Twice is a coincidence.
Three times becomes a trend.
Right now, the trend involving Carolina Panthers top wide receiver Kelvin Benjamin isn't a good one.
Once again, Benjamin missed practice time Wednesday during minicamp because of issues with his right hamstring -- the same leg that cause the 2014 first-rounder to miss the majority of OTA sessions over the previous three weeks.
The reason for the hamstring issues may be attributed to a problem that plagued Benjamin at Florida State -- carrying extra weight.
"It could be as simple as weight," says Panthers head coach Ron Rivera. "(Benjamin" did come in a little heavy and he had to work himself into shape, or diet or something. We're going to take a look at it and make sure it's not a chronic issue with him. He's too good a football player to have on the sideline."
Benjamin came to Florida State as one of the nation's prized recruits. However, he showed up to Seminoles camp, as a freshman, at nearly 260 pounds -- approximately 20 more than desired by the FSU coaches.
The weight issue was so bad that Benjamin redshirted his freshman year.
The following season, Benjamin lost a lot of weight, but he still had some issues with it. In Year 3, the extra weight was officially gone -- and his talent rose to meet the high expectations.
As a member of the Panthers, Benjamin lists at 243 pounds.
Last season, Benjamin caught 73 passes for 1,008 yards and nine touchdowns. The only major knock: He led the NFL in dropped passes.
Now, with the hamstring issues resurfacing, Benjamin won't see the practice field until training camp in late July.

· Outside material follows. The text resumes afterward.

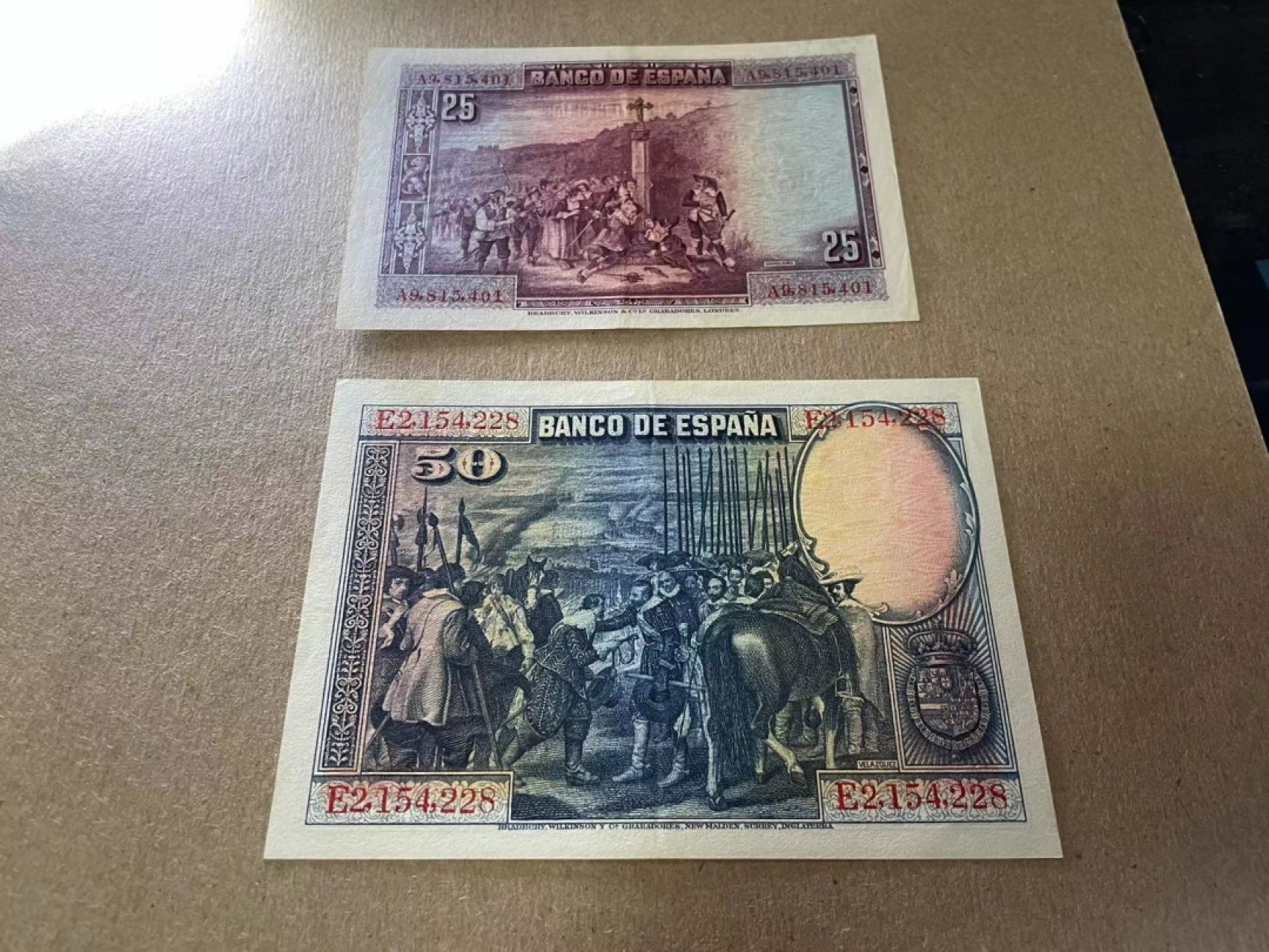 新纪元！【Blue Auction】✨世界纸币精拍第201期【精】   【一组5张】西班牙 1928年25-1000比塞塔 品相如图 BWC出品 大方块 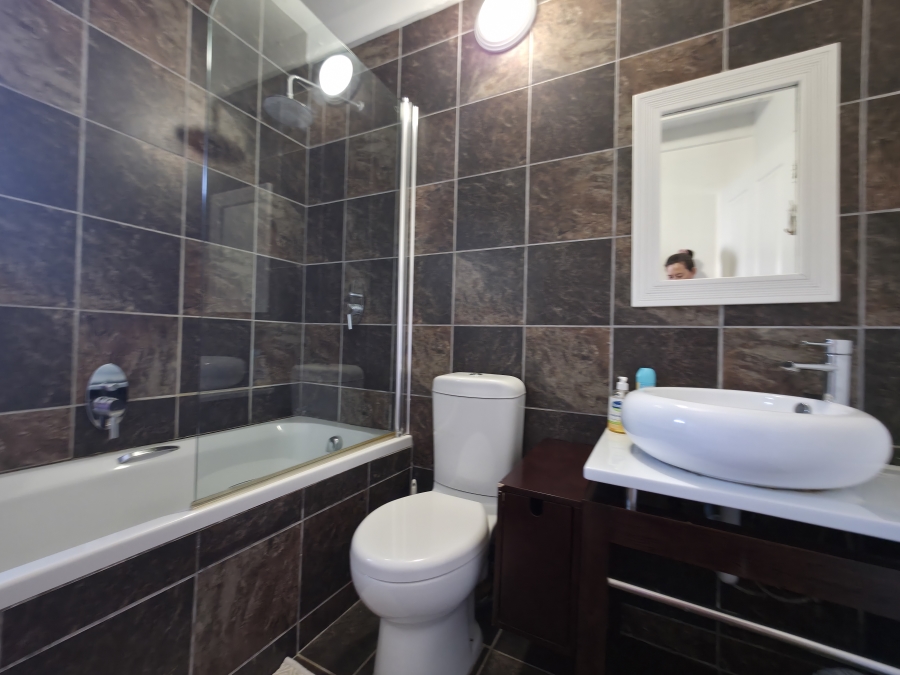 5 Bedroom Property for Sale in Wavecrest Eastern Cape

Given the soaring temperatures in Charlotte, and with the Panthers nearing their fourth straight week of practice activity, it doesn't take much for frustrations to mount.
On Wednesday, two separate fights broke out between offensive and defensive linemen during practice -- one early and one late.
Some coaches like to see the occasional practice-field scrum, as a show of toughness.
Rivera isn't among that group.
"It'll happen and the same thing will happen in training camp, unfortunately," he said. "It's unfortunate and inevitable, and I think the heat really had a little bit to do with it."
Rivera's greatest concern: There were punches thrown in each fight, which is really silly. Players are wearing helmets and pads. That often leads to hand injuries.
"I don't like the fight, but I do like the fact there was a standoff," Rivera said. "I was disappointed. The heat, the fatigue -- but there's no place for it. I talked to both guys privately and just made sure they knew how I felt about it.
"You've got to treat each other like brothers, and if you had a fight with a brother, you wouldn't swing at him, you'd probably want to make sure you talk to your mom and dad. My office is open."